Tout cela laisse entrevoir une véritable explosion du marché des véhicules solaires. « Les concepteurs de véhicules qui n'envisagent pas encore de carrosserie solaire sont dingues », lance même IDTechEx. La cabinet d’études prospectives, expliquant que « l’adoption du solaire pour les véhicules est si rapide » qu’il a dû actualiser son rapport sur le sujet quelques mois après sa sortie, estime en février 2021 que le nombre de véhicules solaires vendus pourrait progresser de quelques milliers aujourd’hui à près de 3 millions en 2041. Un marché naissant, qui pourrait représenter près de 40 milliards de dollars dans vingt ans — 200 fois plus qu’aujourd’hui.

Hyundai

Coup marketing ou innovation disruptive ?

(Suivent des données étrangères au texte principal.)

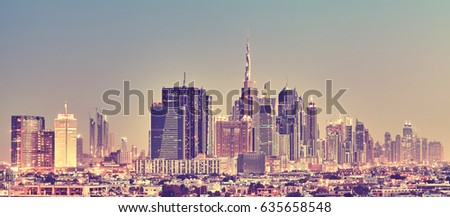 Color toned panoramic picture of Dubai skyline at sunset, United Arab Emirates.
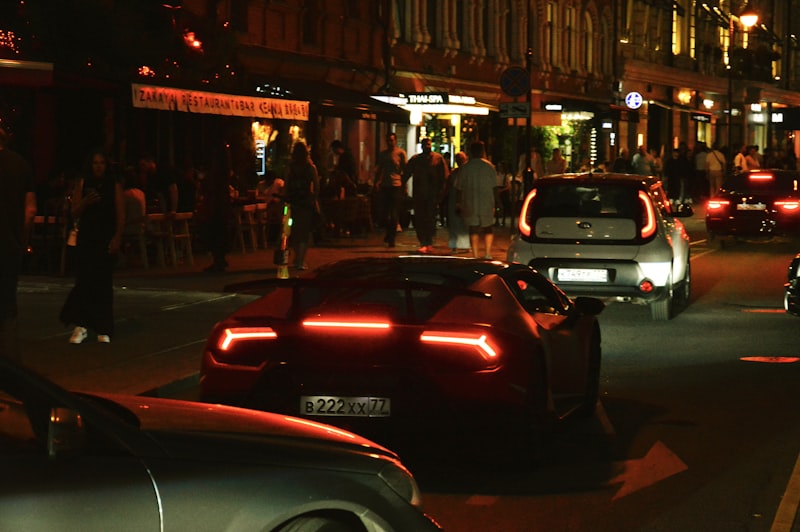 Luxury sports car driving on a city street at night
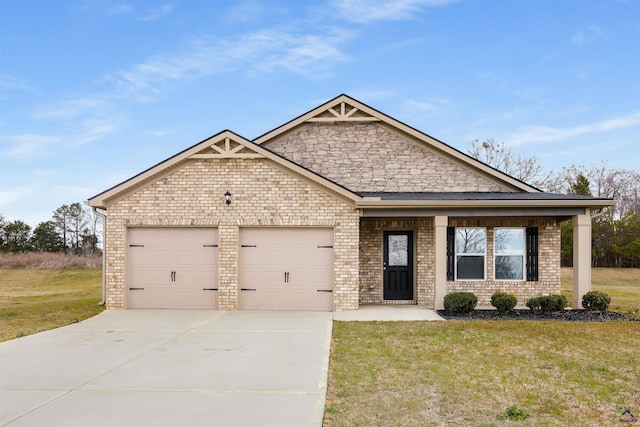 craftsman-style house with brick siding, an attached garage, concrete driveway, and a front lawn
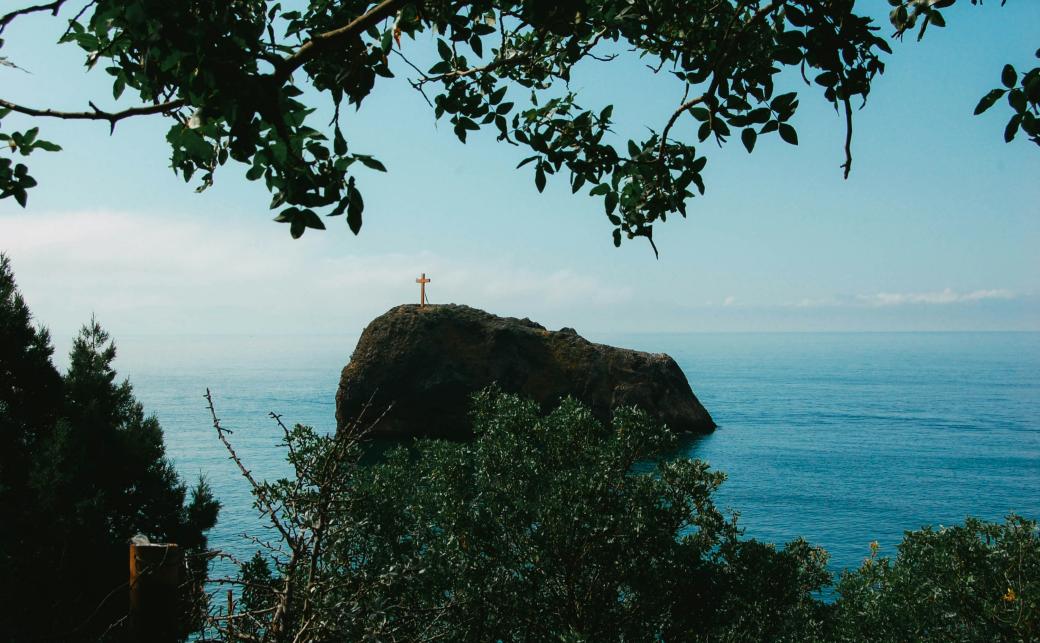 Man blickt vom Wald auf einen Felsen im Meer. Darauf steht ein großes Kreuz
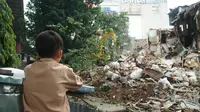 Seorang bocah menyaksikan alat berat yang digunakan Satpol PP Kota Bandung untuk meratakan tanah di lahan proyek rumah deret. (Liputan6.com/Huyogo Simbolon)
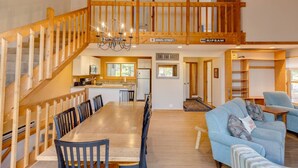 A spacious living area with a wooden staircase, a dining table with chairs, a blue sofa, and a kitchen in the background. - Large Loon Condo w/Amenities (Lincoln)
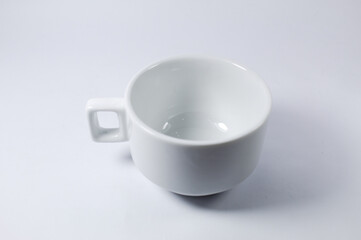 White cup of coffee or tea on a white background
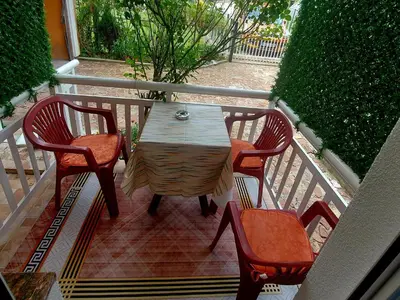 a wooden table and two chairs on a balcony at Apartmani GS ***** Zavidovici in Zavidovići
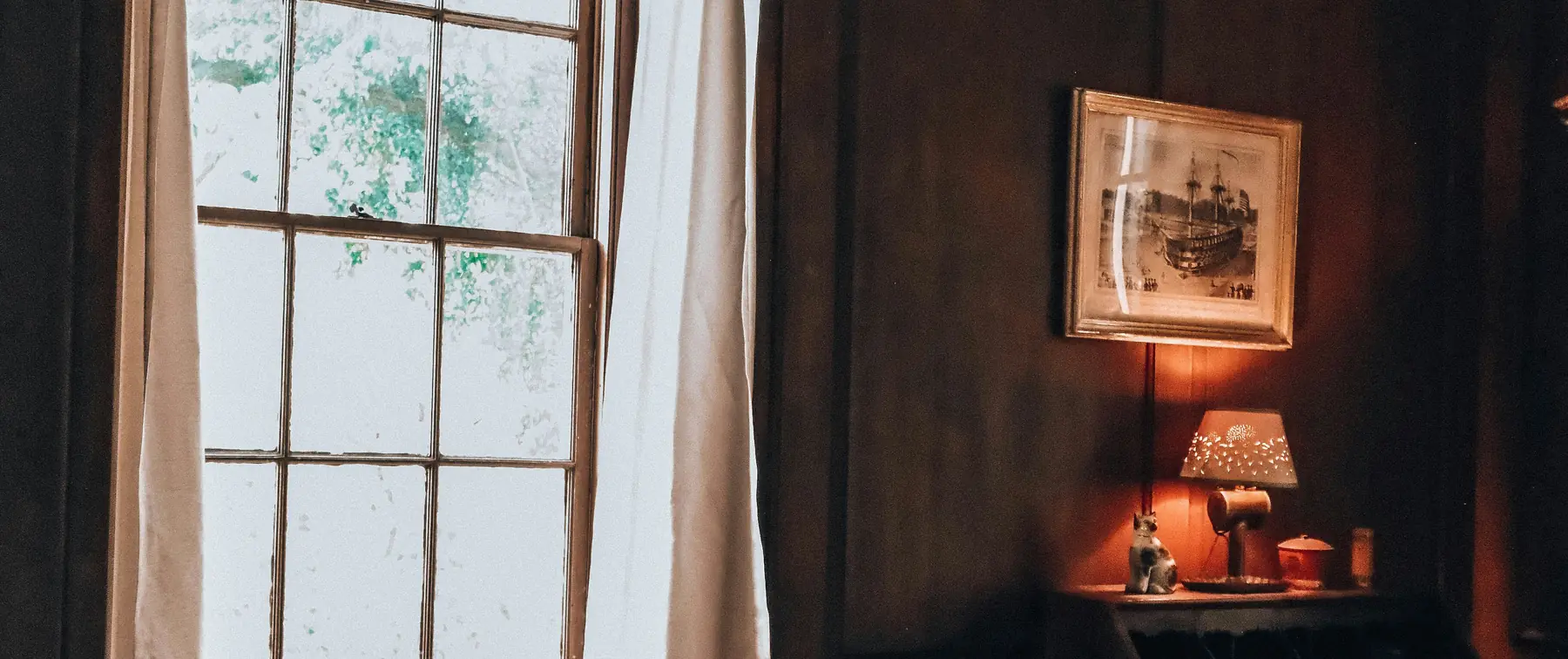 A quiet, wood-paneled reading room with a curtained window on one side and an antique writing desk lit by a small lamp on the other.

Reste à savoir, côté voitures au moins, si les données optimistes avancées par les constructeurs résisteront à l’usage en situation réelle. On le sait, les performances des panneaux solaires sont fortement amoindries par la poussière et les salissures. Et dans beaucoup d’endroits, à commencer par les villes, les parkings sont sous-terrain ou abrités...

D’un autre côté, l’efficacité des panneaux solaires ne fait qu’augmenter d’année en année. En laboratoire, on atteint déjà une efficacité de plus de 40 % (un record mondial d’efficacité solaire, à 47 %, a été établi en août 2020) et beaucoup d’experts estiment qu’on peut aller au-delà (soit en améliorant les principes existants, soit en utilisant d’autres matériaux qu’aujourd’hui). On a donc tout lieu de penser que les performances des voitures solaires vont s’améliorer à moyen ou long terme.

Semi-remorque solaire Scania

Au final, l’intégration du solaire dans la mobilité pourrait ne plus du tout être négligeable, voire jouer un rôle important pour juguler l’empreinte carbone globale du transport mondial.

En attendant, on peut s’attendre à ce que les voiture solaires fassent parler d’elles — en bien ou en mal – dès l’année prochaine. Et se prendre à rêver qu’un jour, peut-être, nos véhicules utiliseront principalement une énergie propre, gratuite et disponible et quantité illimitée.